Mais uma vez, as simulações de CFD são demoradas e caras, uma situação agravada pelos regulamentos da Fórmula 1 que limitam a capacidade de teste de uma equipe. O tempo físico no túnel de vento é fortemente restrito, e cada equipe também tem um orçamento limitado para o tempo de computação que pode usar para desenvolver seus carros.
Qualquer ferramenta que possa ajudar uma equipe a moldar rapidamente seus projetos aerodinâmicos é uma vantagem potencial, e o NCS é realmente muito rápido. Baqué estimou que uma simulação CFD completa, que normalmente leva uma hora, levaria apenas 20 segundos por meio do NCS.
E, como o NCS não executa cálculos reais baseados na física, mas faz suposições baseadas em IA com base em sua rede de aprendizado aerodinâmico, está amplamente isento das restrições draconianas da F1. “Qualquer coisa que possamos fazer que nos permita extrair mais conhecimento e, portanto, mais desempenho de cada CFD e execução em túnel de vento nos dá uma vantagem competitiva”, disse Roberts.
Mas as equipes ainda têm que pagar por isso. Baqué disse que os custos do NCS variam consoante a dimensão da equipa e o tipo de acesso, mas normalmente rondam os 100 mil euros a 1 milhão de euros por ano. Considerando que as equipes de F1 também operam sob um limite de custo anual de US$ 135 milhões, esse é um compromisso substancial.
Roberts, da Williams, não estava disposto a apontar quaisquer peças específicas ou melhorias no tempo de volta graças ao software NCS, mas disse que isso afetou o desempenho do carro: “Esta tecnologia é usada como parte de nosso conjunto de ferramentas para desenvolver o carro aerodinamicamente. Portanto, não podemos atribuir o tempo de volta diretamente a isso, mas sabemos que ajuda a nossa correlação e a velocidade com que podemos investigar novas condições aerodinâmicas.”
Além da aerodinâmica
A marcha incessante da IA não vai parar por aí. Fala-se de agentes artificiais no pit wall que comandam a estratégia de corrida e até mesmo as configurações do carro.
“É um momento fascinante, pois o crescimento da indústria de IA/ML é exponencial”, disse Roberts. “No entanto, é também um desafio real que qualquer pessoa envolvida com tecnologia enfrenta hoje. Quais novas ferramentas dedicamos tempo para explorar, desenvolver e adotar?”

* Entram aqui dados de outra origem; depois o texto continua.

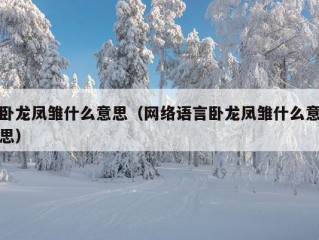 卧龙凤雏什么意思（网络语言卧龙凤雏什么意思）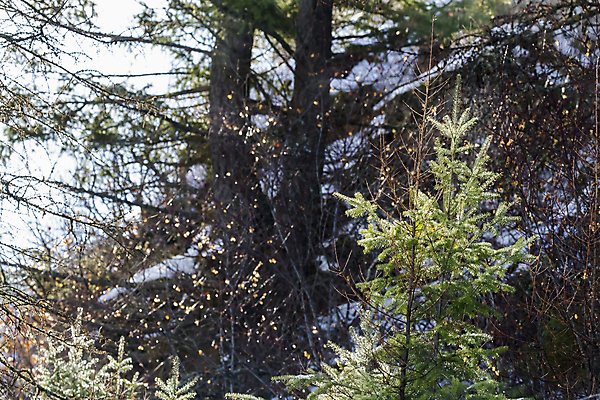 포토 JPG 해외이미지 나무 구름 자연 하늘 아침 스키 산 사람 풍경 사람없음 야외 물 여름 파란색 빛 햇빛 반사 계곡 얼음 고요 새벽 하이킹 추위 황무지 배낭여행 속도 빙하 암초 스카이라인 안장 오로라 돌무덤 루트 절정 해외포토 주간 자연요소 식물 계절 컬러 여행 자연현상 레저 겨울스포츠 태양 무덤 생태계 파일형식 이미지허브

Esse não é o tipo de intriga que irá cativar o espectador médio de “Drive to Survive”, mas para muitos fãs de F1, corrida atrás de corrida é a fonte definitiva de drama.
Quanto ao Neural Concept, a empresa continua a aprofundar-se no lado não automobilístico da indústria automotiva, trabalhando para desenvolver motores elétricos mais eficientes, otimizando o aquecimento e resfriamento da cabine e até mesmo participando de testes de colisão.
Baqué disse que o software da empresa pode ajudar os engenheiros a otimizar a resistência a colisões de um carro e, ao mesmo tempo, eliminar peso desnecessário. Mas, por enquanto, a empresa só pode fazer simulações de colisão em componentes individuais, e não em carros inteiros. “Essa é uma das poucas aplicações em que atingimos os limites de desempenho”, disse ele.
Talvez outra aplicação para o As crescentes plataformas de supercomputação de IA da UE?